Fast forward almost two and a quarter centuries, and casino and hotel magnate Steve Wynn seems to have taken a page out of the former queen of France’s book, and has also been expressing some pretty similar sentiments on the subject of poverty. According to the 74 year-old billionaire:
“..rich people only like being around rich people. Nobody likes being around poor people, especially poor people.”
Steve Wynn made his snooty comment whilst holding an investors day for Wynn Resorts’ in which he revealed details of several upcoming projects, including ones in Macau, Boston, and Las Vegas. Blowing his gold 24 Carat trumpet further, Wynn commented:
“..we cater to people who have discretion and judgment, and we give them a choice, and we are consistent in that, whether the economy is up or the economy is down.”
Needless to say, even if Wynn is being honest in expressing his insensitive views, his contempt for the unprivileged classes is unlikely to do much favors for a businessman living in a country in which over 45 million people, or 14.5% of the population, live below the poverty line.

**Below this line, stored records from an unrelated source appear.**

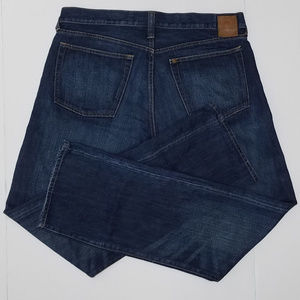 Mens Jeans H&M Fit Original Blue Sz 38"x44" Button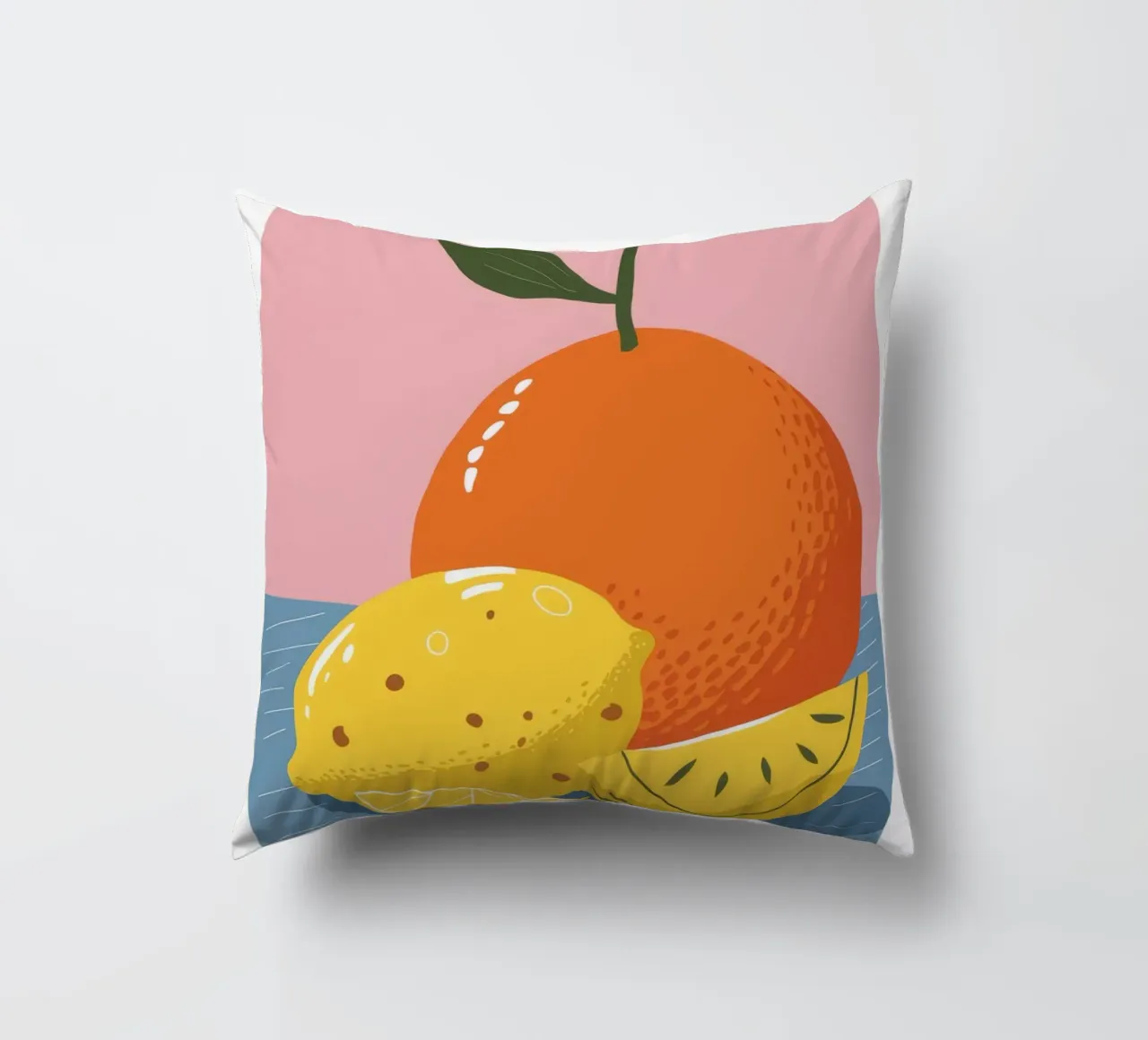 Agrumi Pop Stillness cuscino da Moonlite Desire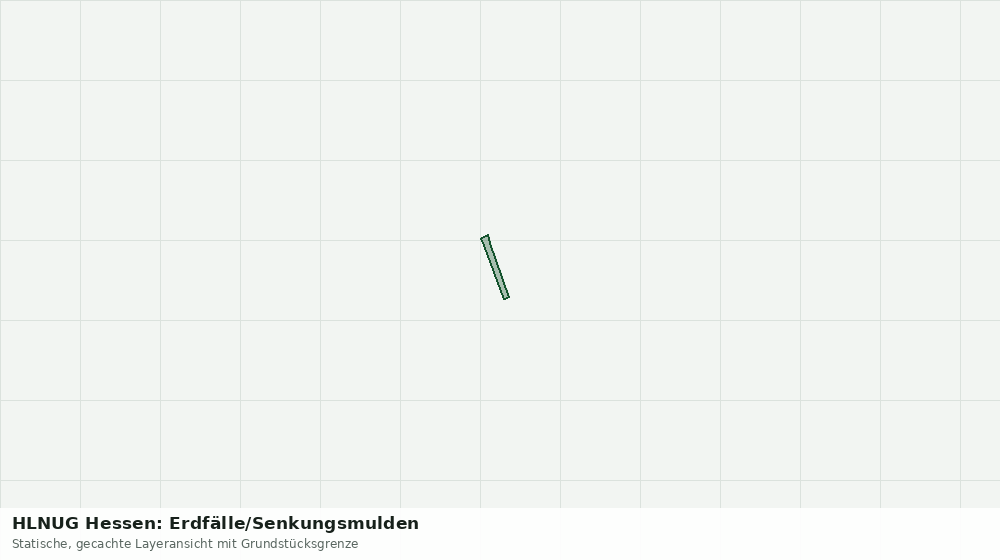 Statische Kartenansicht: HLNUG Hessen: Erdfälle/Senkungsmulden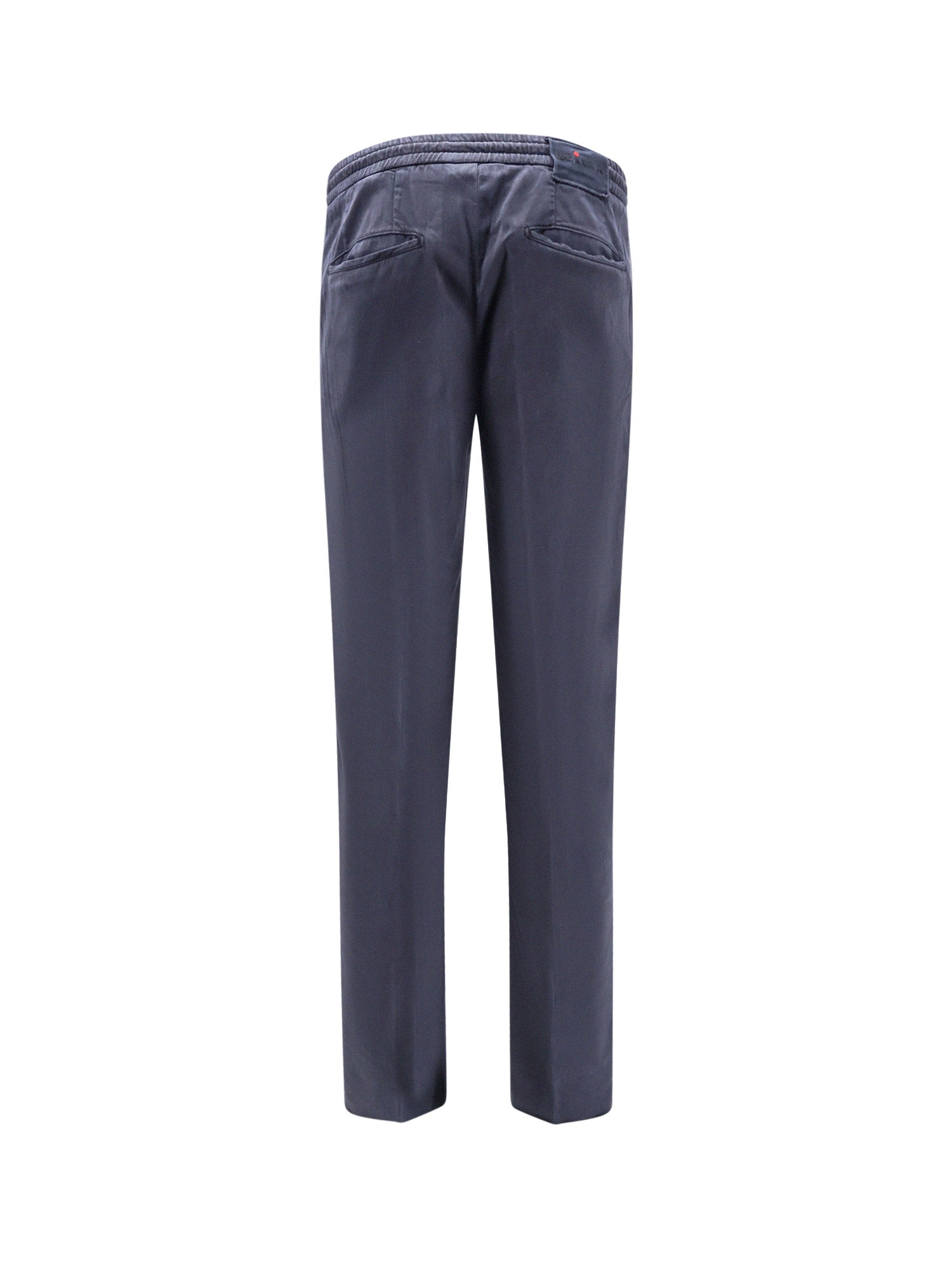 KITON CIRO PAONE RTW Blue Lyocell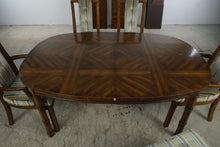 Load image into Gallery viewer, Drexel Heritage Et Cetera Dining Table and 6 Chairs with 2 Leaves
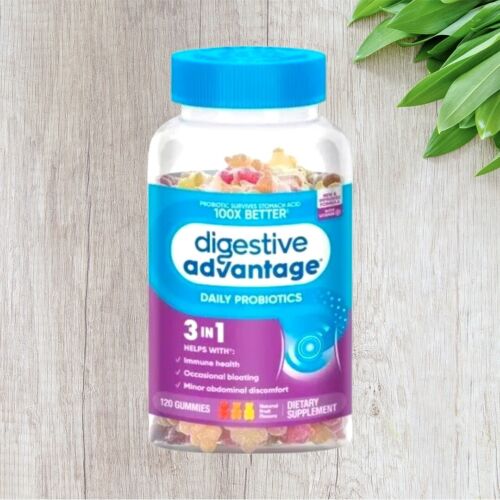 Schiff Digestive Advantage Probiotic Gummies 120 Count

That is why Michael Weaver, senior VP of marketing and communications, felt compelled to try and clear up the gaff by later stating:
“Mr. Wynn’s comment was made in the context of a discussion that the company creates luxurious resorts which have an aspirational appeal to a broad range of guests.”
Either way, the damage has still been done, and Wynn’s comments will continue to hang over his head for some time to come. In the meantime, it is interesting to note that his father, Michael Weinberg, ran a number of bingo parlors in United States, but was a compulsive gambler who when he died left $350,000 in gambling debts behind.